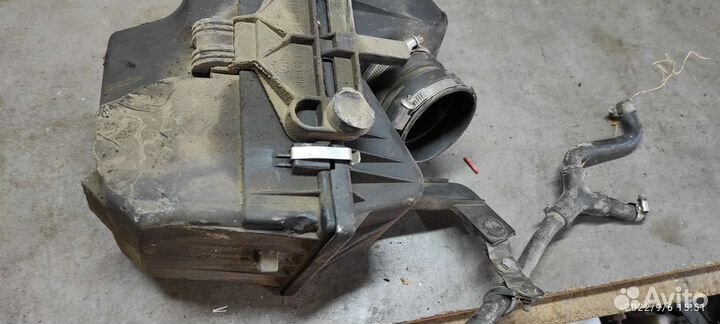 Корпус воздушного фильтра BMW 7 e32 750i двс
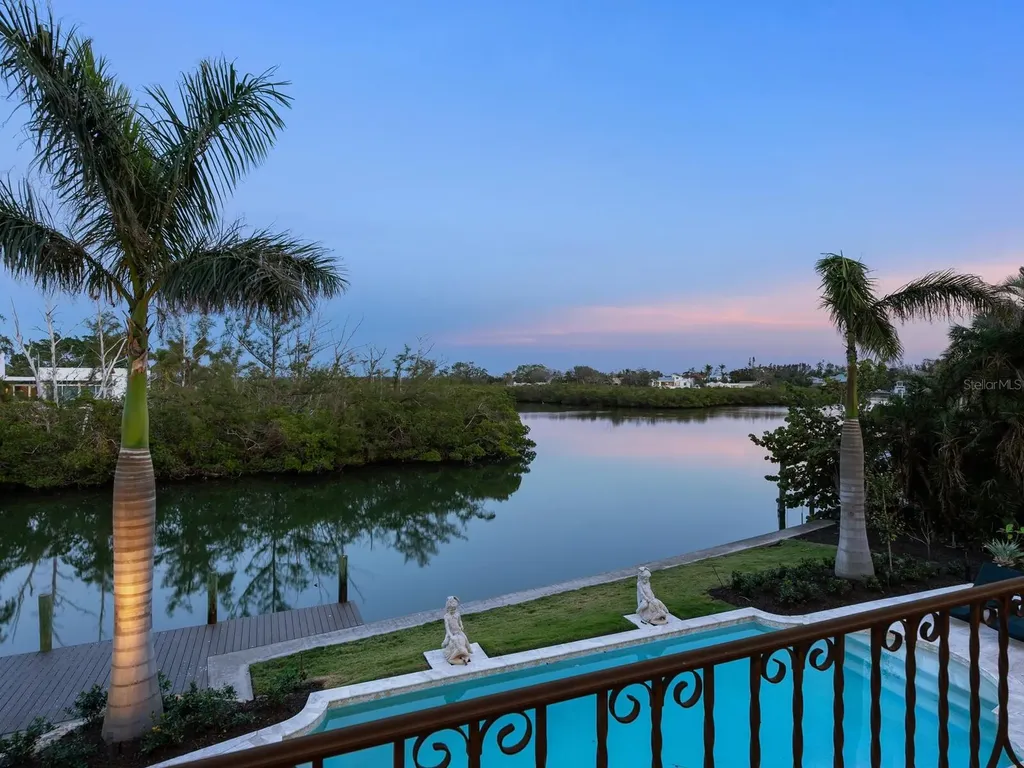 4205 Higel Avenue Sarasota FL 34242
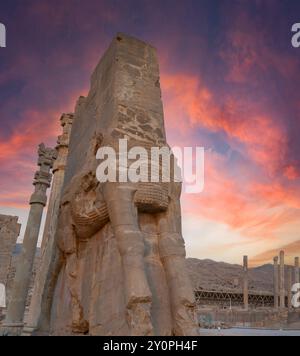 Antiche statue di una creatura lamassu alla porta di tutte le nazioni a Persepoli (alias Takht-e Jamshid), la capitale cerimoniale del primo persiano Foto Stock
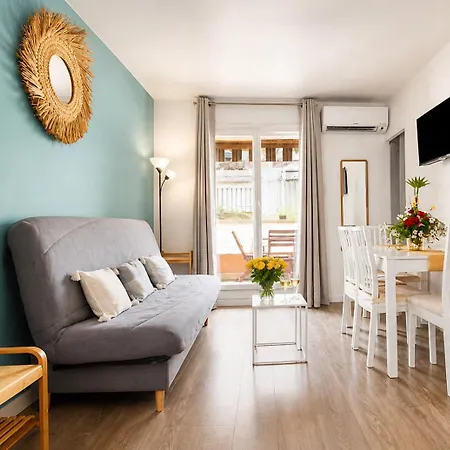 Lumineux T2 Moderne Avec Terrasse Lägenhet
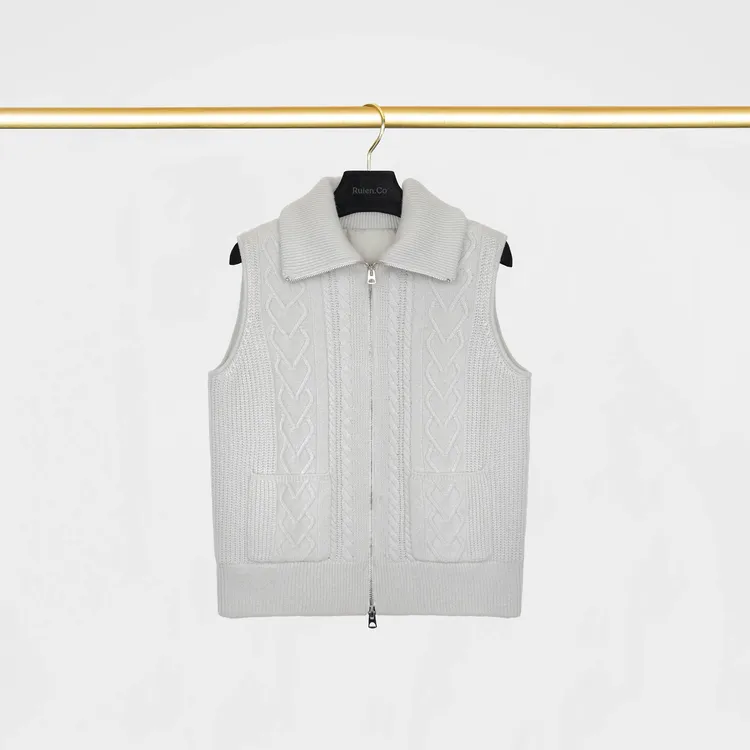 我是摩羯 太阳的后裔 MORO美丽诺羊毛羊绒绞花肌理秋冬针织马甲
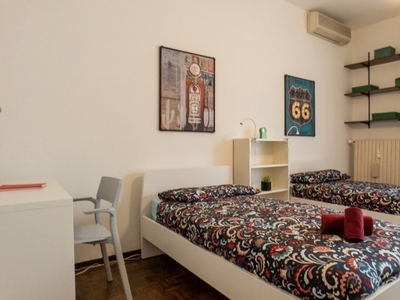 Ampia camera in appartamento con 4 camere da letto a Bicocca, Milano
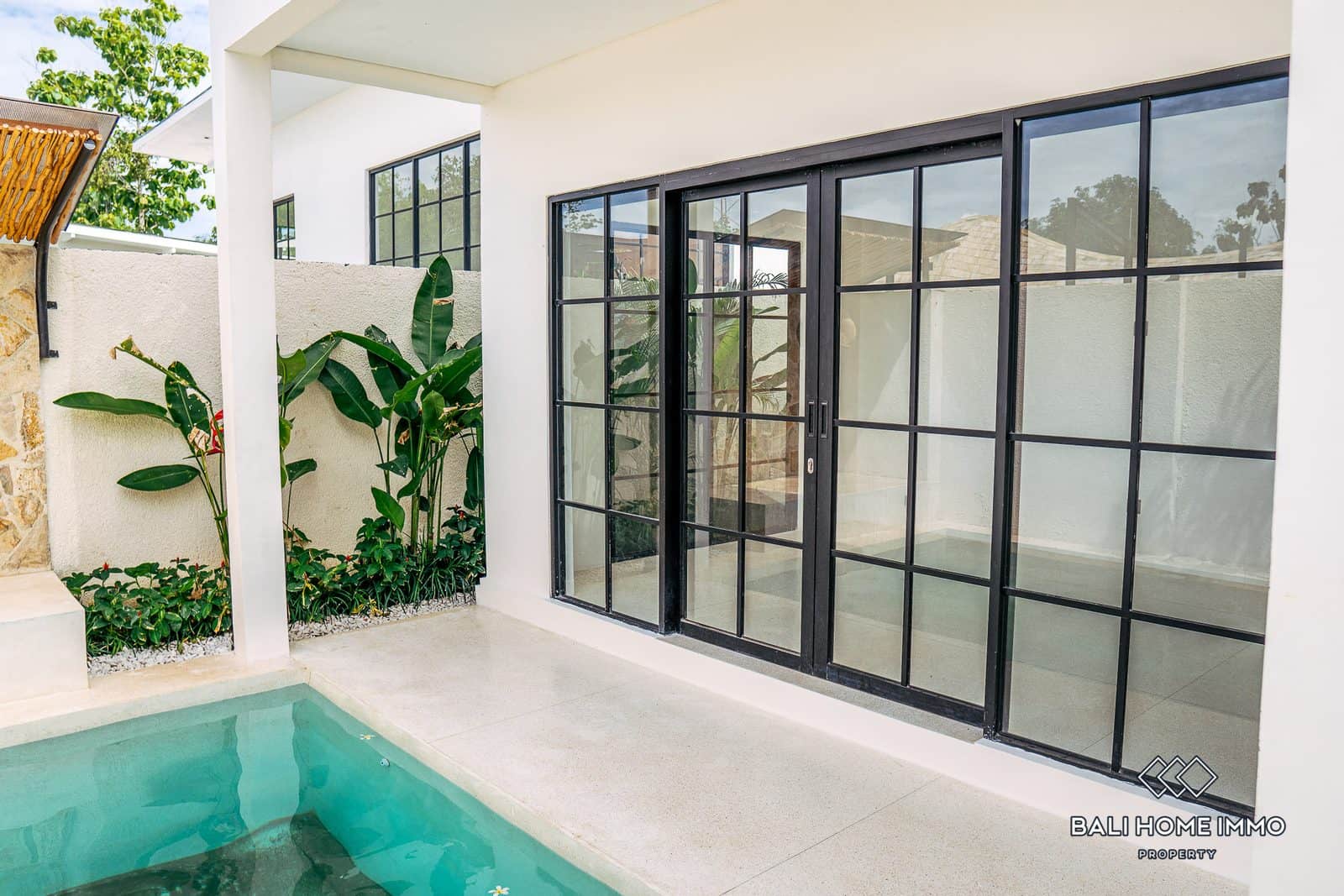 3 Bedroom Modern Minimalist Villa For Sale Leasehold in Balangan - RF2904A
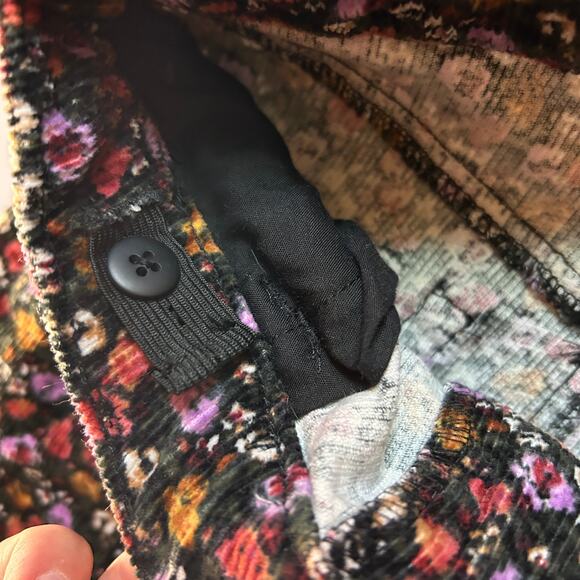 Art Class Floral Corduroy Skirt 6/6X - Picture 4 of 5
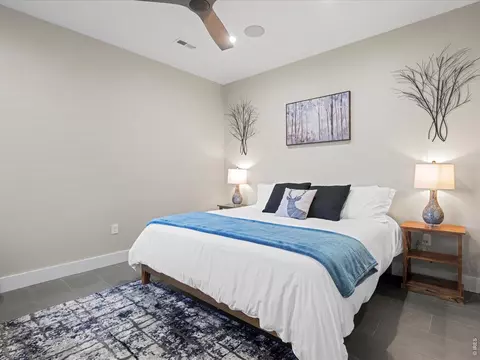 Bedroom - 718 Emerson Gulch Rd, Boulder, CO 80302 photo 2 of 5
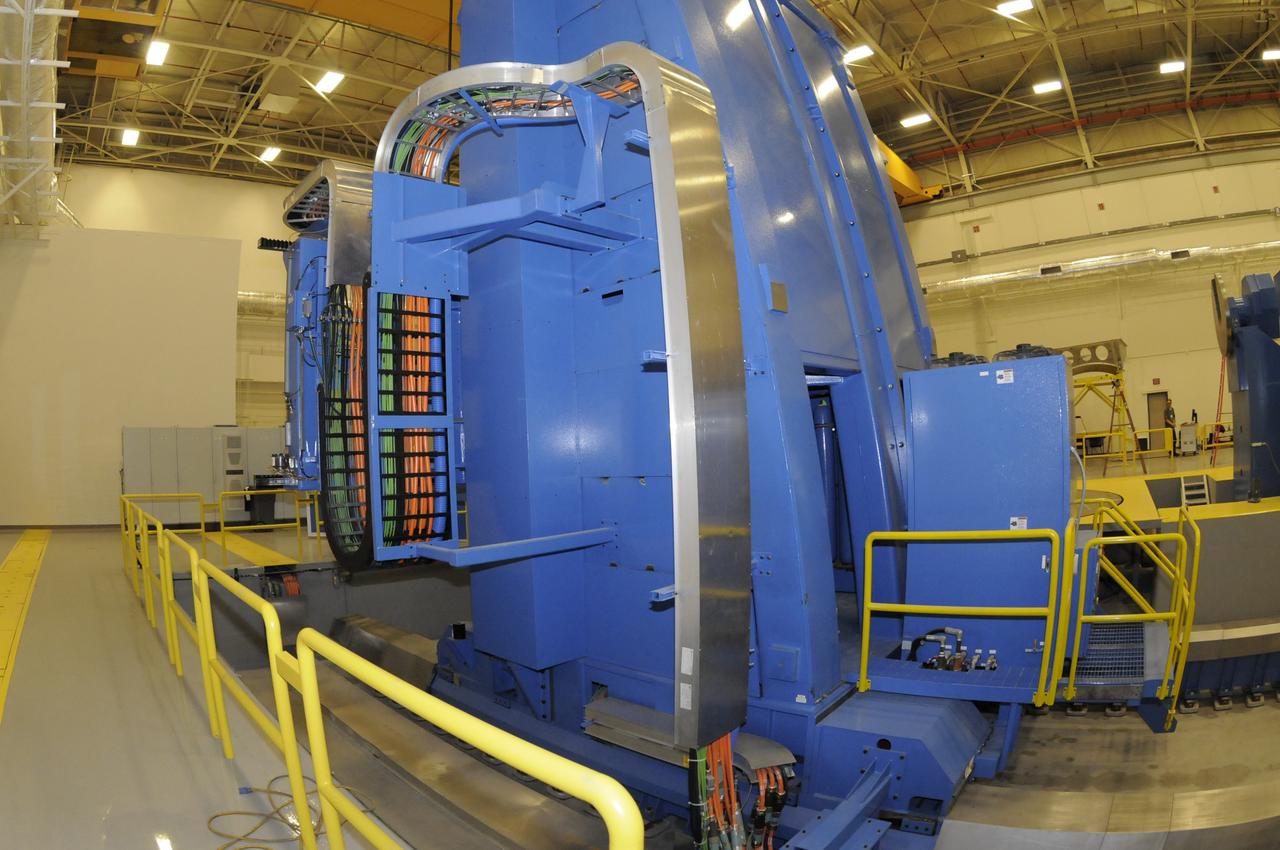 ARES 7 AXIS MILLING EQUIPMENT AND FACILITIES.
^^^^^^^^^^^^^^^^
## Work instruction
Beginning with the line that contains "4205 Higel Avenue Sarasota FL 34242", repeat every remaining line of the data exactly, the last line included, and omit pictures.

## Output for this exercise
 4205 Higel Avenue Sarasota FL 34242
 Antiche statue di una creatura lamassu alla porta di tutte le nazioni a Persepoli (alias Takht-e Jamshid), la capitale cerimoniale del primo persiano Foto Stock
 Lumineux T2 Moderne Avec Terrasse Lägenhet
 我是摩羯 太阳的后裔 MORO美丽诺羊毛羊绒绞花肌理秋冬针织马甲
 Ampia camera in appartamento con 4 camere da letto a Bicocca, Milano
 3 Bedroom Modern Minimalist Villa For Sale Leasehold in Balangan - RF2904A
 Art Class Floral Corduroy Skirt 6/6X - Picture 4 of 5
 Bedroom - 718 Emerson Gulch Rd, Boulder, CO 80302 photo 2 of 5
 ARES 7 AXIS MILLING EQUIPMENT AND FACILITIES.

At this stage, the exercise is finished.